Plaintiffs in a number of Kaba Simplex Keyless locks lawsuits claim the PIN code technology employed by the locks can be easily overridden with nothing more than a rare-earth magnet. By placing a magnet small enough to fit in the palm of one’s hand on the front of a Kaba keyless lock, an intruder access the premises in seconds. The Kaba Simplex keyless pushbutton locks lawsuits contend that the defective locks must be replaced.
According to a recent Forbes Magazine report, the Simplex locks were designed using a critical component called the combination chamber that has been discovered to be sensitive to a strong magnetic field.
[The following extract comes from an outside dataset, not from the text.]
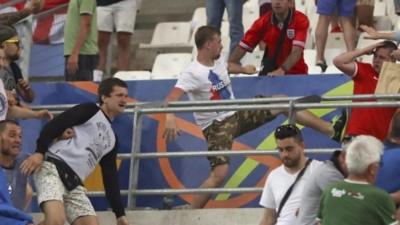 Man in Russia shirt kicks another man in Marseille stadium, 11 June 2016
Kaba reported that it only learned of this security vulnerability in August 2010 and further claims that rare-earth magnets were not “commercially feasible” when the locks were designed, constituting a state-of-the-art attack for which it should not be liable. As the Forbes article pointed out, many lock manufacturers and security experts have been aware of the availability of strong magnets capable of opening some locking mechanisms. Despite this widespread awareness, Kaba continued to use this design for years in their locks
Meanwhile, Kaba Simplex Locks lawsuits have been consolidated in multidistrict litigation (MDL 2220) and transferred to U.S. District Court, Northern District of Ohio and. Eight Kaba Simplex locks lawsuits have been filed in four federal jurisdictions: New Jersey (1), Eastern District of New York (1), Southern District of New York (1), and Northern District of Ohio (5).
The plaintiffs created a video showing that the defective locks are broadly used in places such as buildings, retail stores, and even some U.S. Customs and Border Patrol locations, New York City jails, throughout the Cleveland Hopkins Airport, and the Cleveland federal courthouse, to name just some, said Cleveland.com.
Some lead plaintiffs in the Kaba Simplex lock litigation are Orthodox Jews who use the keyless locks on their homes so that they can remain in compliance with Jewish Sabbath restrictions that prevent followers from carrying anything, even keys, during the Sabbath which takes place from sundown Friday to Saturday evening, pointed out Cleveland.com. “I mean this is a really popular solution for Orthodox Jews,” said Yeshai Michael Kutoff, a Talmudic, quoted Cleveland.com. “It’s a little unsettling,” Kutoff said, “that a big company” is peddling a lock that’s not really worth much.”
Kaba acknowledged in a court filing that an upgrade had been developed in September to resolve the issue and is now in use; however, plaintiff attorneys argue that this does not protect those millions of “vulnerable” locks in use, said Cleveland.com.